TL: I got married to a woman whose family lived in Los Angeles – we got married while I was living up north in Davis CA, but she had family down here so it was in the realm of possibility. I had gone to a Howard Roberts Seminar, and that was my first real instruction, because I had just been doing it on my own – there really wasn’t anybody to teach me.  He came to Sacramento and Pat Hicks was with him and he did this two or three day thing. And I remember one of the things that I learned  was a ii V I kind of move that sound like Tea for two. – I recently recorded a video of “Tea For Two” that I called “Tea For Ted”, and it’s sentimental, it’s an old song – it’s a DUMB old song….

DP: It’s HARD though!

TL: It has it’s quirks – but Howard taught us this: (plays a simple chord melody of the opening phrase of “Tea For Two” on the top three strings) – my first II-V-I, right?  So from way back when, my early high school days, “Tea For Two” has always been a cool thing. And then George Van Eps did a version on this record called “Jump” – it’s an old record where he played an acoustic guitar and he played in a band but there are three or four solo guitar tracks on there as well. And he did a really pretty re-harmonized version of “Tea For Two”, and he’s another early influence.

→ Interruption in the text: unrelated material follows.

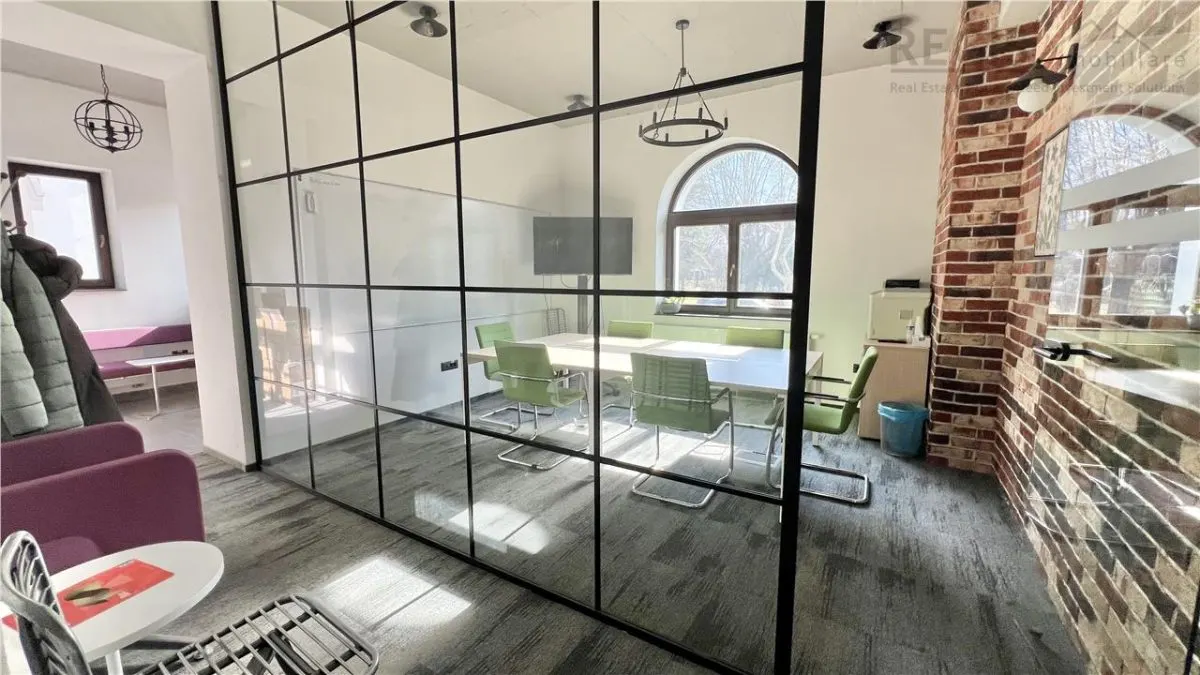 Cladire ultracentrala pretabila centru medical I birouri â€“ Brasov | Lift | Parcare proprie - foto 12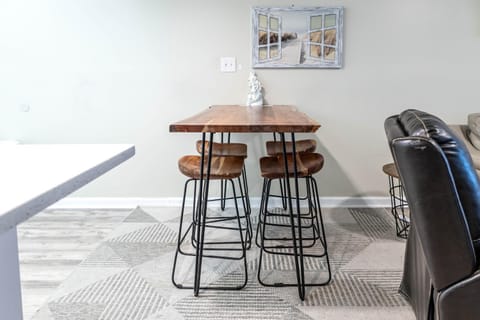 Aqua Villa #105 Beachside 2 bedroom condo Apartment in Okaloosa Island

But anyway, to get back to GIT (Guitar Institute of Technology, now Musician’s Institute),  I went to Howard’s seminar and I had it on my mind because, he was really the only educator that I know at the them, there really wasn’t that many. I didn’t know where to go, so I went to take some lessons from an older guy in my town, and he didn’t have it together enough to teach. I had been playing since I was about 15 with the older retired guys in my town – there was a guy named Emmet Pugh, and he played jazz on the fiddle, one of the great western swing players. And Tiny Moore, the great mandolin player who played with Bob Wills lived the next town over. So that was kind of the scene I grew up with, western swing California style – kind of like Bakersfield once removed.

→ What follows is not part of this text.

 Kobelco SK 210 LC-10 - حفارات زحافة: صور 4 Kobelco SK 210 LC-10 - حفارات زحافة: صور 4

But I didn’t really find any jazz guitar players who could teach me. So when I was in LA I found Ted Greene. So one Thanksgiving weekend I managed to do a lesson over at Ted’s parents house. He and I had been corresponding by mail prior to that, and I asked him about it (GIT), because I really loved Joe Diorio, and he said, “well, you have to decide if you want to study in a group environment or not”, because he wasn’t an advocate one way of the other, I think he had mixed feelings about it.  But I met somebody in Sacramento that either met Joe (Diorio) or played on a record with him or something like that, a guy named Michael Mousillani, who played with him in New York. So I really got excited and said “I can go and take lessons from  Joe Diorio? Holy….” So I just figured it out and went.

DP: But how did you even find out about Joe Diorio?

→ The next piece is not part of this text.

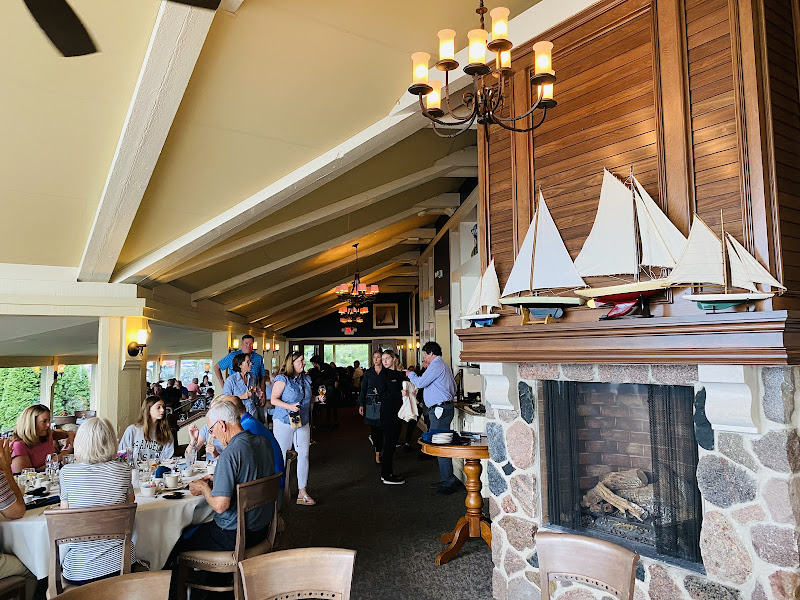 Abbey Springs Yacht Club - Yacht club in Fontana-On-Geneva Lake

TL: Well, every once and a while you just find a little scene, and those were the days where Joe had two records out, the blue one (“Peaceful Journey”) and the black one (“Solo Guitar”).

DP: Right, the Spitball (Records) stuff.

TL: And you could find maybe in a cut out bin a copy of the Sonny Stitt “Move Over” record, and maybe Eddie Harris “Exodus”. So I did a lot of research and you know, you just hear about stuff – I read everything, I read Guitar Player magazine voraciously, and I memorized every article. YOU know, how did YOU do it, you just put your ear to the ground and then…..

So we went to LA and we moved to Hollywood, and my relatively new wife got a job in some computer company, and I rode the bus up over from La Brea and Melrose to the school. And its’ funny because more of the guys that went to the school were bachelors who were on their wild year away from home, and I was in another thing: I would go home to a wife and a little house in a duplex. So I didn’t really do the “go crazy and be a wild man” guitar thing.

But I sure did spend an awful lot of time in Joe Diorio’s office. And Ronnie (Eschete) would be there for one week on and one week off, and then Joe would be there one week on and one week off – when they were there, that’s all I did, I just sort of like latched on to them.  I don’t even know if they hated it or didn’t care or liked it; but for me it was just like….my cohorts would say “He’s a Diorio puppy”, but I didn’t care because that’s what I was there to do. I didn’t really go there to learn what a harmonized scale was because I already had a lot of that stuff together. I talked to Pat Hicks about that recently, and I really didn’t connect with the overall philosophical concepts of learning at the school, but I really did love getting to hang out with Joe and Ronnie and guys like Lenny Breau, and play and hang out with Scott Henderson, and meet the cats, you know?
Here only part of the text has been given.